One of the perennial “thorns in my side” in long-term maintenance of data analytics code is that of benchmarking and continuous performance monitoring.
The basic idea of Continuous Benchmarking (I’ll call this CB henceforth a la CI and CD) is the following:
- Developer builds a “benchmark suite” containing a large number of benchmarks which may measure code microperformance (codepaths taking as little as single digit microseconds) or more macroperformance (things taking seconds or minutes)
- For each commit to a codebase, the benchmarks are run in a controlled, consistent environment (this is very important) and the results are recorded in some kind of database (e.g. SQLite as one example)
- For each benchmark, you can observe the performance within that controlled environment over time.
The purpose of CB is to identify performance regressions and protect developers’ code optimization labors from unintentional slowdowns. For me, there are few things more vexing than finding that some performance-sensitive data processing that you slaved over to make faster became slower over some period of time without knowing why.
For the highest quality results, it is best to run the benchmarks on the same physical machine every time, preferably without pollution from other jobs running on it at the same time. If you try doing CB in public CI services (e.g. Travis CI, Appveyor, CircleCI) the results will in general be useless – especially for microperformance – due to inconsistency with what processor is used and other issues like load on the bare metal where the VM is running.

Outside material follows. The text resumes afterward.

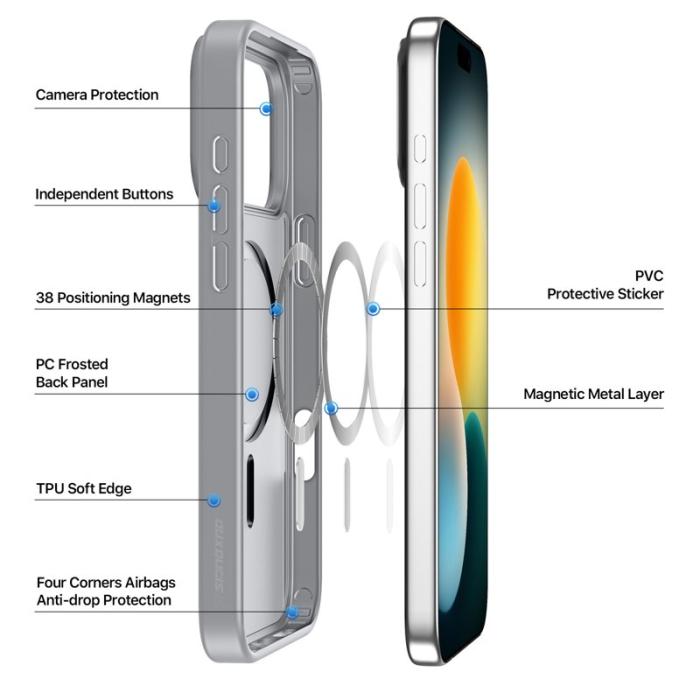 Dux Ducis - DUX DUCIS iPhone 17 Pro Fodral Yind Series PC+TPU - Grå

There have been various tools created to help with CB.
- Over 8 years ago I created a microframework called vbench for CB for use in pandas, which was still in use in pandas until version 0.15.0 or so.

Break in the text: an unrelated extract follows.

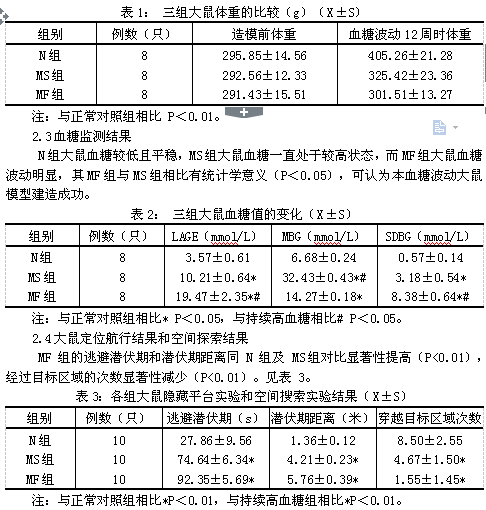 20160509114845.png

- Other Python developers created a more mature realization of the CB concept with the Airspeed Velocity (ASV) package. ASV is what pandas uses now for benchmarks. It is capable of generating a static site for exploring the benchmark data
Critically, tools like vbench and ASV have code that automates the benchmark execution and data collection. In other words, for each commit:
- Check out the codebase at a particular git commit
- Rebuild the project (including any C extensions) at that commit
- Run the benchmarks and insert the results into a database (e.g. SQLite is used in ASV and vbench)
I have found when discussing CB that people sometimes hand wave over the benchmark automation problem. For example, there is the Codespeed Python project, but it does not deal with the mechanics of checkout-build-benchmark-collect-and-store-data.

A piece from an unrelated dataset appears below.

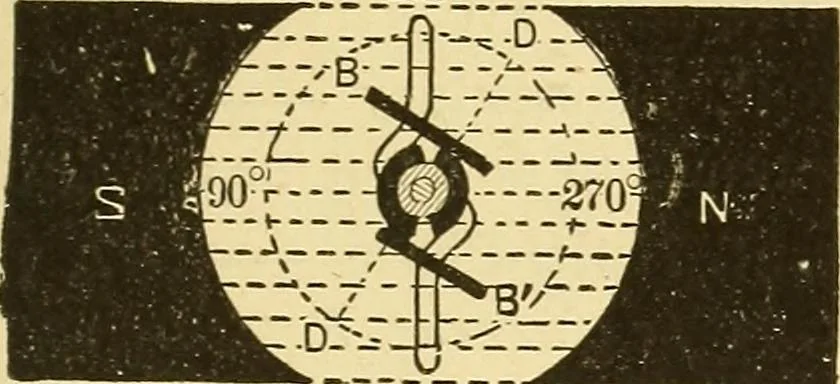 An illustration from A dictionary of electrical words, terms and phrases, 1898, leaf 149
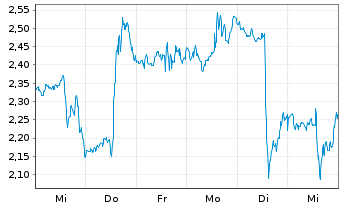 Chart Mini Future Long Netflix - 1 Woche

There have been some CB tools created for other programming languages (interested to hear about the ones I don’t know about!). There are some issues I’d like to discuss and see if there are people interested in collaborating on.
Critically, most CB tools are language-specific (e.g. just for Python). This means that many common problems (database schema design, data collection, data management, website generation) have to be solved over and over again for each language. This language-specificity arose as a problem for us in Apache Arrow where we have code so far in about 11 different programming languages. We have benchmarks written both in C++ and Python, for example, but no tools to collect and manage the C++ benchmark data (while we have set up ASV for the Python benchmarks).
This experience has left me yearning for a non-language-specific CB framework. The idea would be as follows:
- A sufficiently general database schema for storing benchmark data, allowing results from different machines
- Some code to extract machine information (CPU/GPU information, OS / Linux kernel version, relevant installed dependencies)
- A “benchmark runner” program providing for pluggable build/rebuild logic and pluggable data collectors. Data collectors specific to target programming languages or benchmarking libraries (e.g. Google Benchmark for C++, Python, Go, Java, Rust, etc.)
- A tool to generate a website (static or dynamic) to browse the stored benchmark data
There’s probably some other nice-to-have features (like a REST API to enable remote benchmarkers to “report” in data to a central server), but this would get things started. We definitely need this in Apache Arrow but it would make sense to develop the software in a general purpose fashion so it can be reused in other OSS projects.